- Born: April 2, 1965 (age 61)
- Origin: Toronto, Ontario, Canada
- Genres: Industrial, Modern classical
- Occupations: Musician, composer, lyricist
- Instruments: Vocals, Sampler, Guitar
- Years active: 1985–present
- Labels: Dossier, Fifth Colvmn, Re-Constriction, Vampire Rodents Productions
- Formerly of: Vampire Rodents Ether Bunny
- Website: Official website

= Daniel Vahnke =

Canadian composer (born 1965)

Daniel Vahnke (born April 2, 1965), sometimes credited as Anton Rathausen, is a Canadian composer and lyricist. He is best known as a co-founding member of Vampire Rodents, a band that integrated elements of classical, ambient, and industrial music into its work. Daniel uses German, Latin and Chinese in his compositions.

==History==
Daniel Vahnke studied anthropology in Toronto while working on piano pieces based on Chinese character stroke analysis. After the purchase of his first Roland S-50, Daniel became fascinated with Sample Based Composition, considering it a cleaner, safer, and more efficient method of creating music. In 1988, he created Vampire Rodents with his friend Victor Wulf, who had been writing experimental pop music, as a form of entertainment. However, the band soon developed into a creative outlet for Daniel's darkly humorous lyrics as well as some of his anti-human ideals.

His last commercially available project, Papa Woody, was released in 1996 under the name Ether Bunny, although it was basically a solo effort. Serving as his personal tribute to the cartoon and jazz music, Vahnke claims to have been more satisfied with his work on Papa Woody than on any Vampire Rodents album. A collaboration with Athan Maroulis called Alchemia, later renamed Obsidian, was planned for release in 1997 but never came into fruition. The overall project was described as a SBC and LTG approach to The Blue Nile with string orchestra. Also, a completely instrumental Vampire Rodent album was completed the same year, but like the Alcemia/Obsidian project was shelved indefinitely.

==Personal life==
To give his vocal "characters" an individual identity, he decided to work under the alias Anton Rathausen.

Although he rarely watches movies or television, Daniel remains an admirer of cartoons.

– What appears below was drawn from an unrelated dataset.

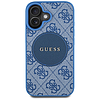 Guess 4G Circle Classic Logo MagSafe tok iPhone 16-hoz - kék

His favorite films are Life of Brian, RocketMan, The Incredible Mr. Limpet, Shaun of the Dead, and Incredible Shrinking Man. However, Daniel has claimed that "Most films are best enjoyed played in reverse with several CD players playing random damaged CD's as an augmented soundtrack."

==Musical style and influences==
Working mostly with samples, Daniel uses a Roland S-50 and a Commodore 64 to create his music. Unlike other artists who use a similar technique, he has been noted for "tweaking and twisting originals to create something new instead of simply relying on a familiar hook for instant recognition." Although occasionally being listed as Industrial, Daniel has stated that it does not define his work, noting that he has paid very little attention to the scene.

Daniel's musical influences range from cartoon music (Milt Franklyn, Carl Stalling), impressionist music (Claude Debussy, Maurice Ravel), avant-garde (György Ligeti, Luigi Nono, Edgard Varèse), electronic (Luciano Berio, Tod Dockstader, İlhan Mimaroğlu, Karlheinz Stockhausen), classical (Johann Sebastian Bach, Igor Stravinsky), ambient (Steve Roach), as well as big band music (Benny Goodman). Vahnke has also spoken about admiring modern rock artists such as The Young Gods, Einstürzende Neubauten, Tom Waits, Sigur Rós, and The Blue Nile.

==Discography==

- Music for Player Piano (2018, Rodentia Productions)
- Early Soundtrack Sketches, Vol. I (2018, Rodentia Productions)
- Early Soundtrack Sketches, Vol. II (2018, Rodentia Productions)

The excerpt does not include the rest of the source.